Okoyomon is a poet, chef and artist whose work, gender and vocabulary is not confined by traditional lines, and on whom the spotlight has fallen in the last couple of years. As a performer, Okoyomon has a mesmerising presence, producing streams of words in honey-soft voiced sequences that dip from light to dark and are sensational and atmospheric. (The lyrics work well on Twitter, too.) As an artist, their work has become desirable. Miami mega-collectors, the Rubells, snapped up a large-scale sculpture of a lynching tree strung with noosed soft toys when it was shown in the Florida city in 2019.

Before the Aspen show opens in June, Okoyomon will have been honoured with the Frieze Artist Award at the New York edition of the fair. They are planning a performance “like a tower of Babel”. An all-black orchestra will play Messaien’s “Quartet for the End of Time”; a number of their poet friends will participate; Okoyomon will read an “all-day” poem (“A long lyric, about three hours, which I’ll break up into 40-minute sections”). It will be filmed before a small invited audience, then shown as a video piece at the fair, and later online.

Okoyomon was born in Wimbledon, a suburb of London, but moved with their parents back to Lagos as a one-year-old, and then to the United States aged nine. “Lagos was family- and community-oriented, and then in the US, I lost the sense of home and got the sense of displacement,” they say. “In London, there’s a space in which to be a British-Nigerian. In bible-belt Ohio, I felt myself explaining myself to people, that I didn’t have a monkey and grow up in a hut. But it developed my sense of whiteness too, that there’s a co-oppression at work.” It is perhaps no surprise that much of their work focuses on the simultaneously shackled but untethered experience of black America, alienation, death and decay; yet equally on the importance of love, rebirth and collectivity.

Okoyomon is interested in ecosystems in the natural and human worlds, and the presence of colonialisation and enslavement in both. The Aspen garden will feature plants indigenous to the region — dandelions, mugwort and milk thistle — and invasive species like kudzu and honeysuckle. Over 18 months, it will create an ecosystem of its own. Fruit trees will grow next to human-scale angels — some in fired clay, and some in materials which will melt away. The angel — neither dead or alive, male nor female, nor located in time — recurs throughout Okoyomon’s poetry and art.
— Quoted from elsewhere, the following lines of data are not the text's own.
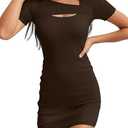Valiamcep Women's Summer Mini Dress Short Sleeve Square Neck Cut Out Sexy Ribbed Knit Fitted Casual Pencil Bodycon Dresses Small, 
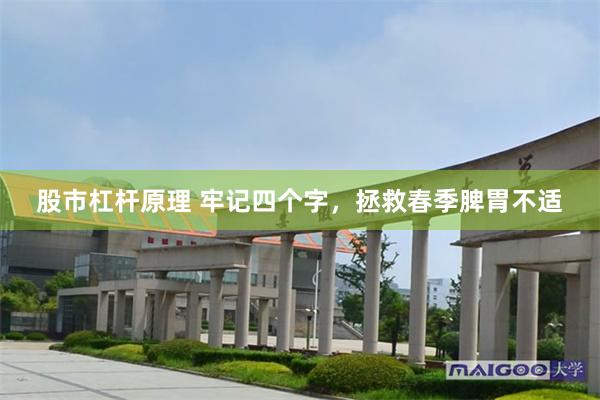 股市杠杆原理 牢记四个字，拯救春季脾胃不适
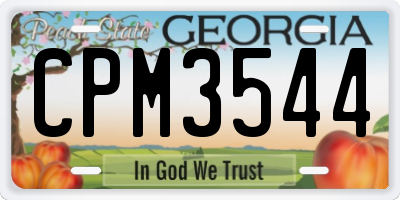 GA license plate CPM3544
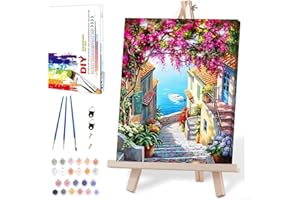 MIRCVSH Landscape Paint by Numbers for Adults with Framed Canvas-with Wooden Easel,Paint by Number on Canvas,DIY Acrylic Oil Painting Kits with Brushes Nice Gift Box for Home Wall Decor(12x16 Inch)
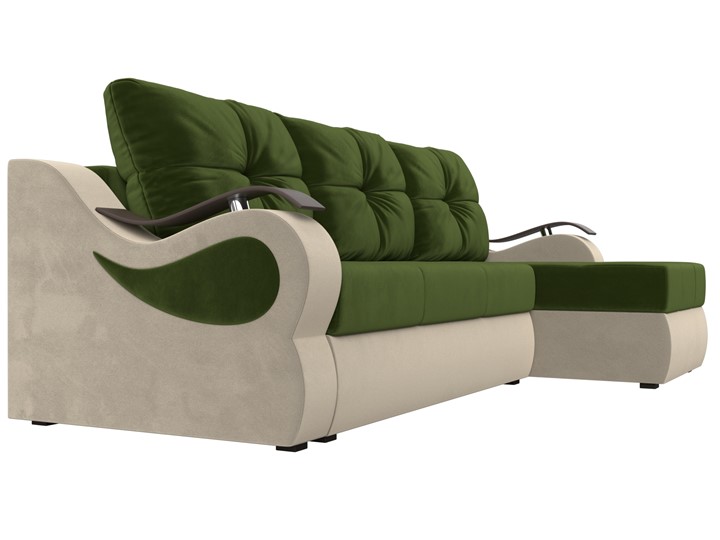 Угловой диван Меркурий, Зеленый/бежевый (вельвет) в Ярославле - изображение 2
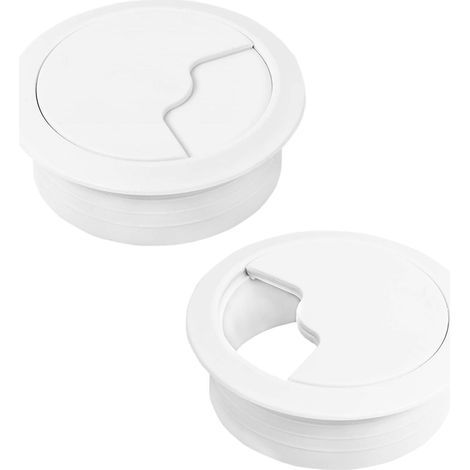 2 Passe-câble,Plastique ABS,Rond 60mm,Système Pression,Bureau,Maison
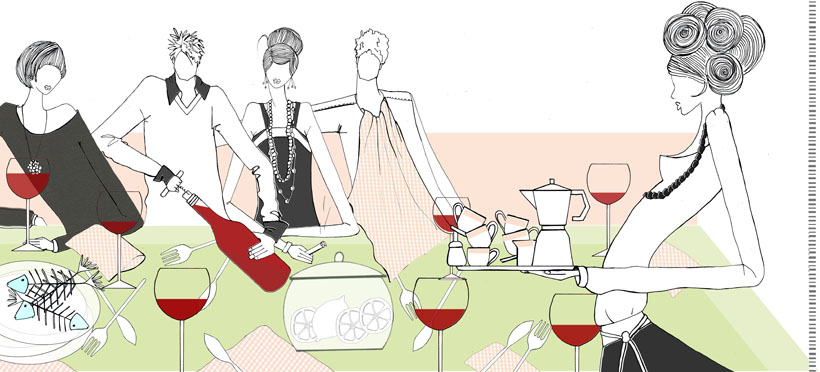 dinner party illustration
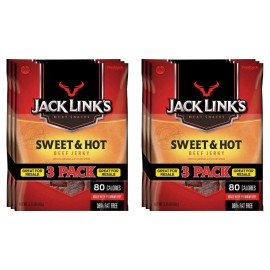JACK LINK'S SWEET & HOT BEEF JERKY 3.25OZ, 3 PACK X 2 = TOTAL 6 PACKS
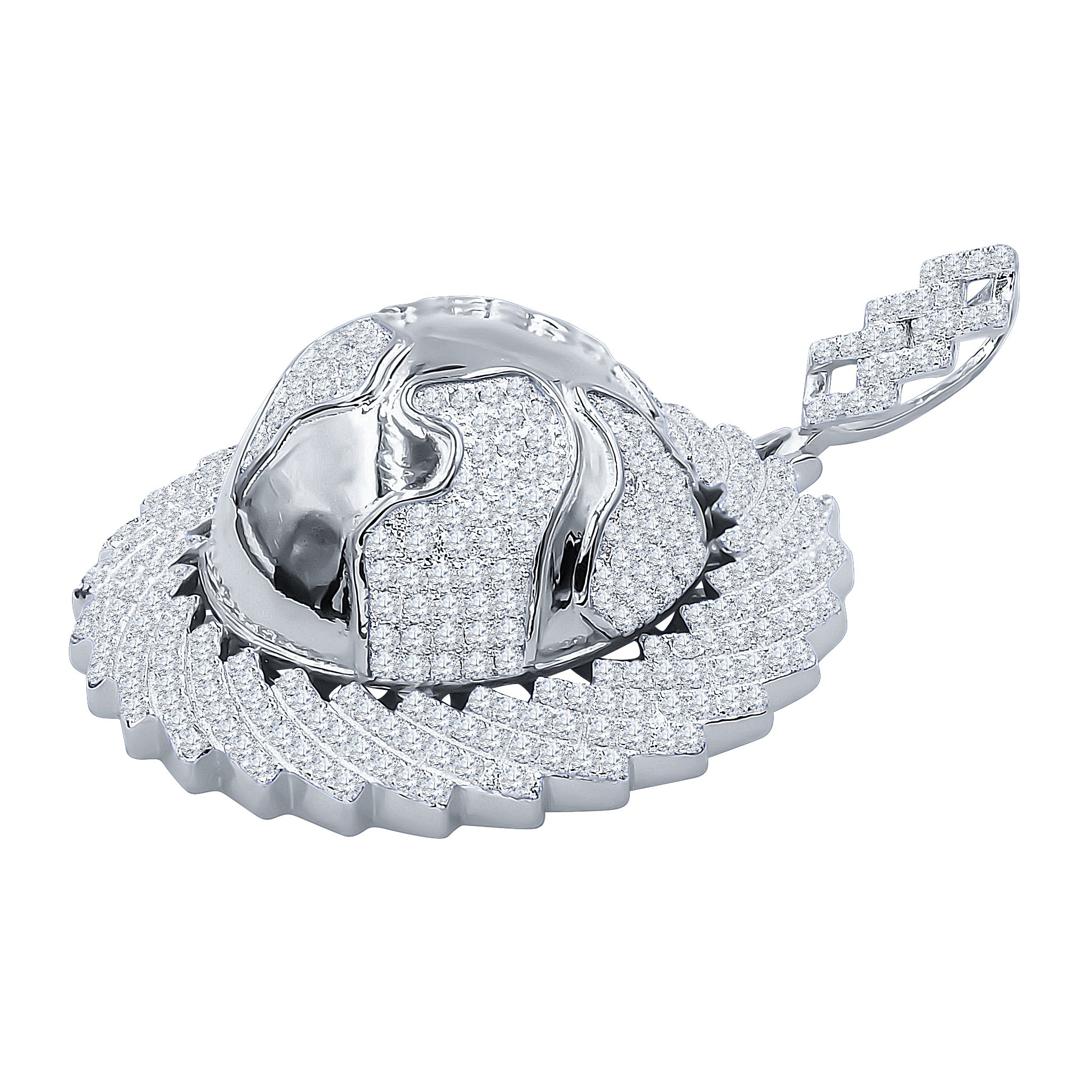 DELPHIC Silver Pendant featuring intricate twisted patterns and cubic zircon stones, showcasing elegance and craftsmanship.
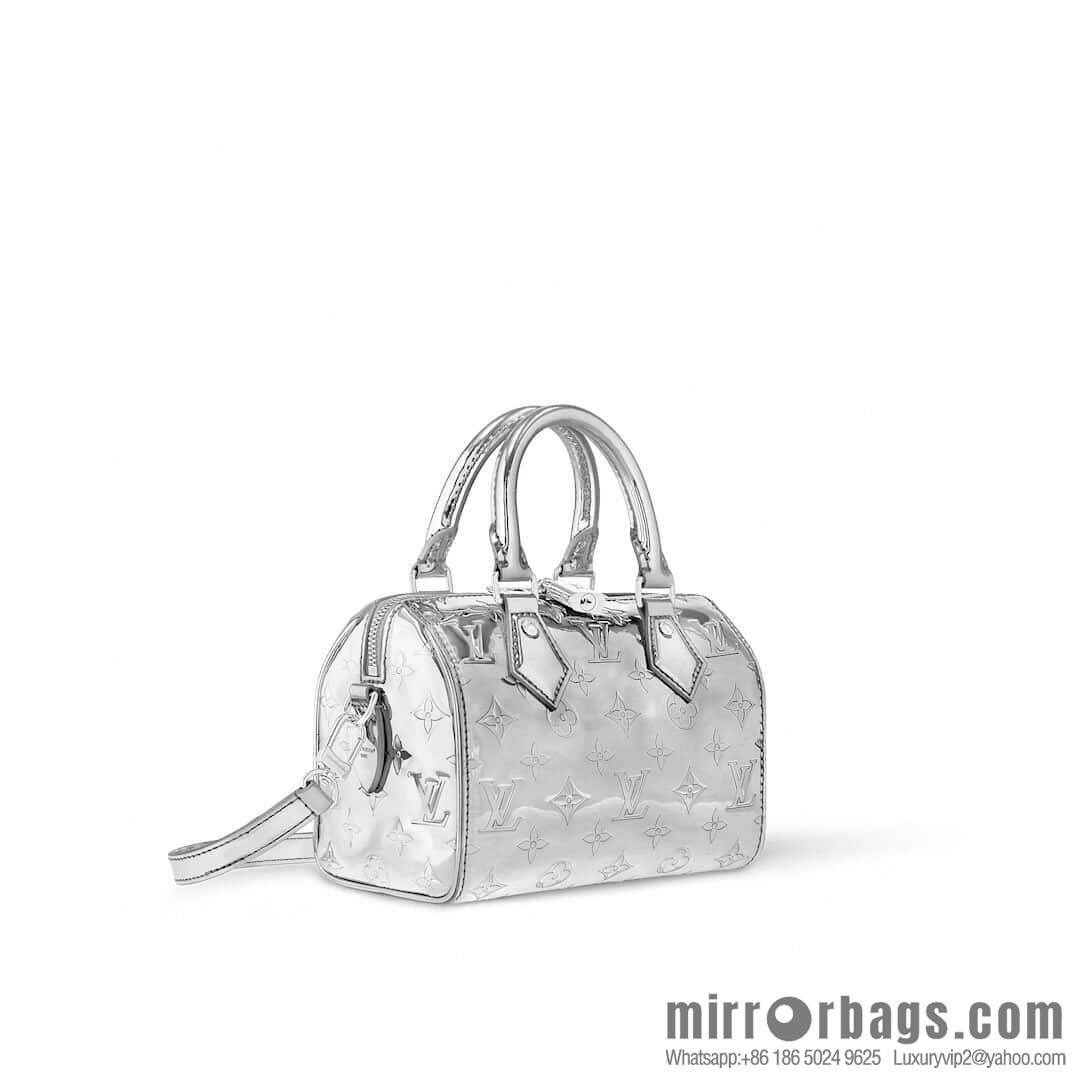 [Boutique‑grade] M11987 silver patent leather, pillow bag speedy series SPEEDY BANDOULIZRE 20 handbag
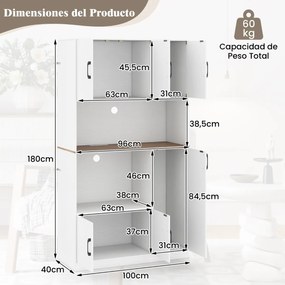 Armário de armazenamento Cozinha 100 x 40 x 180 cm com tomada elétrica 4 armários Compartimento aberto Branco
Okoyomon completed their education at Shimer College in Chicago, a peculiar liberal arts school in the “great books” tradition. There, among other subjects, they studied pataphysics, described by its originator Alfred Jarry as the “science of imaginary solutions”. Simultaneously they worked at Alinea, a $350-a-head fine-dining establishment. “Both places were oppressive,” they say — laughing. “It was like studying the enemy.”
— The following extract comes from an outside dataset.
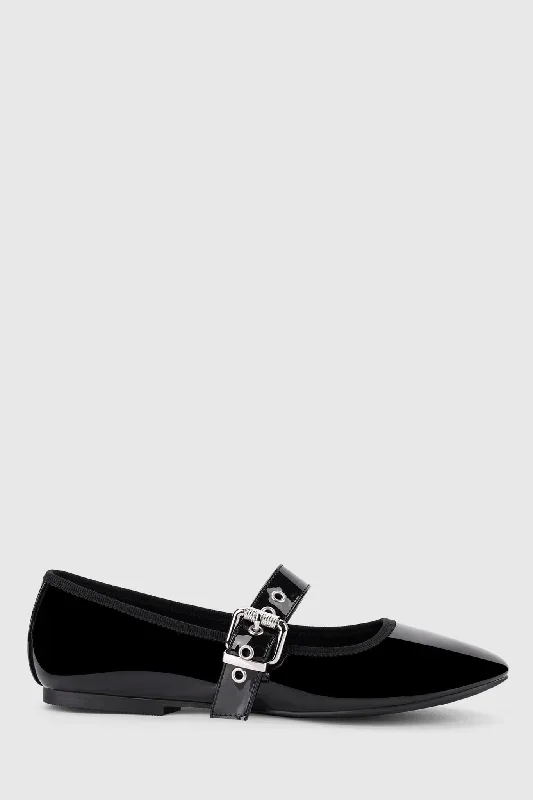 VERALi Banks Buckled Mary-Jane Flats Black Patent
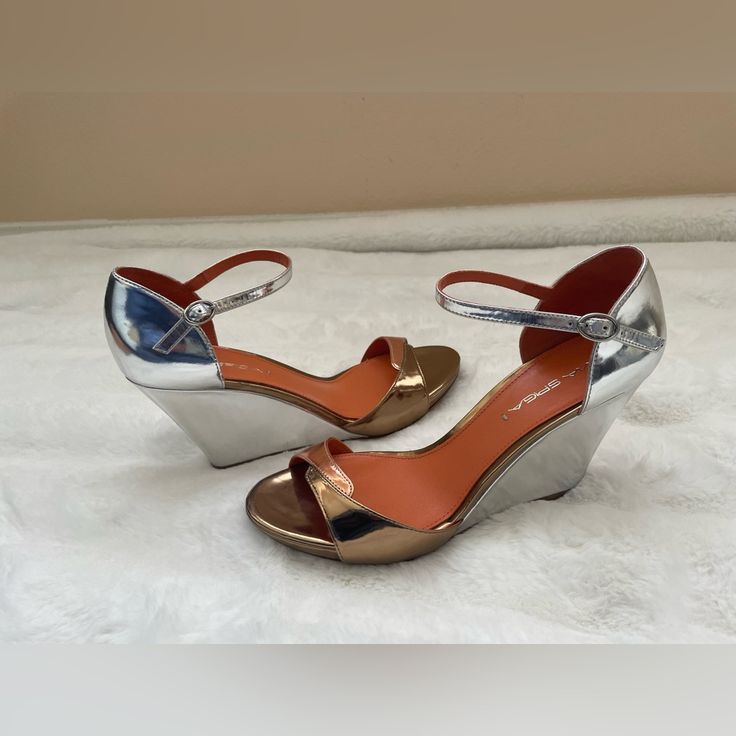 Via Spiga V-Danice Sandals. Size: 8m. Color: Methalic Silver, And Mix Of Bronze Colors With Strap And Silver Buckle. Heel: 3 1/2” Inches High. Beautiful Design. Never Worn. Chic Metallic Sandals For Spring, Chic Metallic Sandals For Summer, Modern Gold Wedge Sandals For Party, Metallic Open Toe Heels For Summer, Metallic Sandals For Spring Formal, Metallic Ankle Strap Sandals For Summer, Metallic Sandals With Heel Strap For Spring, Metallic Open Toe Sandals For Spring, Metallic Open Heel Sandals For Summer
Both, however, have left a mark. Okoyomon seeks out alternative worlds in their work, like the Surrealists (followers of Jarry) before them, and they are part of the Spiral Theory Test Kitchen, where multisensory dinners are intended to break down emotional and physical barriers between participants. “Art doesn’t happen just by yourself,” says Okoyomon. “You can’t build new worlds on your own.”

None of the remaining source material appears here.